Id. ¶¶ 70-82. On March 9, 2012, this Court
found that the Service had failed to adequately review the
proposal not to include those stocks and granted summary
judgment to Plaintiffs on that question. Flaherty I, 850
F.Supp.2d at 56. The Court later entered a remedial order
that, among other things, remanded Amendment 4 to the Service
for reconsideration and required the Service to send a letter
to the Council “recommending that the Council consider
. . . whether ‘river herring [and shad]' should be
designated as a stock in the fishery” based on certain
information and materials identified by the Court. See ECF
No. 41 at 10-12.
On
August 31, 2012, the Service filed a supplemental letter to
the Court explaining that, upon reconsideration, the Service
concluded that Amendment 4 complied with applicable law. See
ECF No. 42-1. On November 22, 2013, Plaintiffs moved to
enforce the remedial order, arguing that the Service, in
reconsidering Amendment 4, violated the Court's
instructions. ECF No. 62. While that motion was pending,
Defendant-Intervenor filed an unopposed motion to intervene,
which the Court granted. See ECF Nos. 76, 85. On February 19,
2014, after briefing and a hearing, the Court denied
Plaintiffs' motion to enforce. See Flaherty v.
Pritzker, 17 F.Supp.3d 52, 54 (D.D.C 2014)
(“Flaherty III”).
While
those matters were proceeding, the Council developed
Amendment 5 to the Herring FMP, in which it again did not
designate river herring or shad as “stocks” in
the fishery. The Service approved the proposal and published
a final rule implementing Amendment 5 on February 13, 2014.
See Fisheries of the Northeastern United States; Atlantic
Herring Fishery; Amendment 5, 79 Fed. Reg. 8786, 8796 (Feb.
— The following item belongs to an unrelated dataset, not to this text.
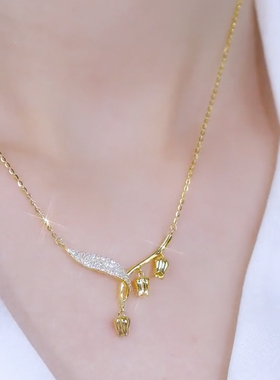 铃兰花项链网红钛钢不掉色锁骨链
13, 2014). Plaintiffs, with the Court's leave, filed a
supplemental complaint challenging the implementation of
Amendment 5, see ECF No. 94, which Defendants answered, ECF
No. 108. Over the course of the next two years, the parties
filed periodic status reports updating the Court on efforts
by the Council and Service that might resolve the
parties' dispute, ...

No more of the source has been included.